I recently had a conversation with a Minister from one of our leading infrastructure ministries. He said to me, “.…so you are SAICE, the engineers.… I need engineers. I need to deploy engineers in all my departments. Please send me engineers. I will pay them.…”
Another chief whip from an engineering-allied government council asked me, “.…so where are the engineers? Everybody is talking about infrastructure, capital investment for infrastructure projects and budgets for Strategic Infrastructure Projects – everybody, but the engineers. Where is the voice of the engineer?”
I nearly tumbled off my chair from incredulity. Or guilt.
I have had similar pleas from other government departments in the past two weeks for SAICE to assist with re-professionalising their technical service delivery departments. This is excellent news, but it seems that the profile of the engineer needs attention, not only in the eyes of the public, but with government as well. Although SAICE has historically been doing this, we should improve and sustain our efforts in this regard, as well as give attention to the credibility and trust issues between government and engineers.
I listened intently to President Jacob Zuma and Minister Pravin Gordhan deliver their aspirations for the year; again infrastructure and service delivery featured prominently. At last year’s announcements, we cheered when infrastructure was given high priority, and bold statements and budget allocations were made. It follows then that the reasonable expectation for this year would have been to appreciate how we are doing now since those announcements last year. What have the allocations been achieving? How much was spent, and what impact did it have? And how are the projects doing?
I commend the planning commission and the National Development Plan (NDP), and that the ANC at Mangaung accepted the NDP as the blueprint for economic development for South Africa, and that it has become the short-, medium- and long-term vision and mission document for SA.
I am concerned, however, that we are not so hot on transparent implementation and keeping the constituency informed. It is time for implementation, and for the visual impression of that implementation to be palpable to our citizenry. We want targets and timelines, tangible deliverables, monitoring, evaluation and announcements, and that from the big chief himself, too.
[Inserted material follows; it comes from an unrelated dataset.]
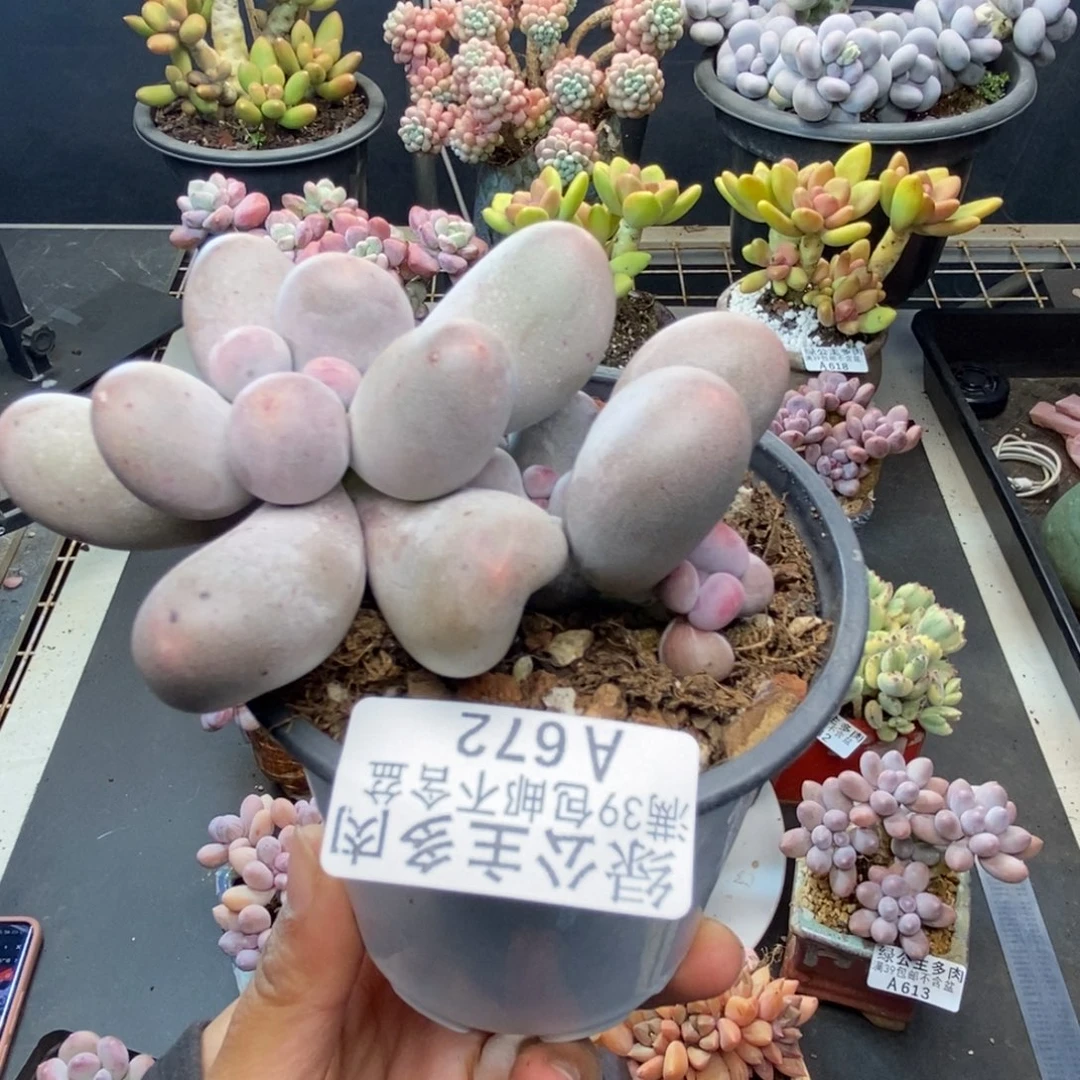 672米可奶多肉7c m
The sterling work of the NPC is done. We now need an Implementation, Monitoring and Evaluation Commission, and capable resources to assess the quality of the efforts – to ensure follow-through and that value for money is actually derived.
We need to mobilise the professionals – engineers and other professions – to strive alongside government. As all 13 of the NDP’s goals are impacted by civil infrastructure engineering and its related disciplines, who better then to do this than the custodians of infrastructure themselves – the engineers. Government needs to make strides in positioning itself as the employer of choice for engineers, and our engineers need to see career paths in the government sector.
The NDP states clearly that the plan is only as credible as its delivery mechanism is viable. And for now, I am afraid that the delivery mechanism has only started smelling the roses. Government has come to realise that we need appropriately qualified technocrats to ensure the delivery of the NDP, and my cynicism aside, this is certainly a good move. Slow – but good.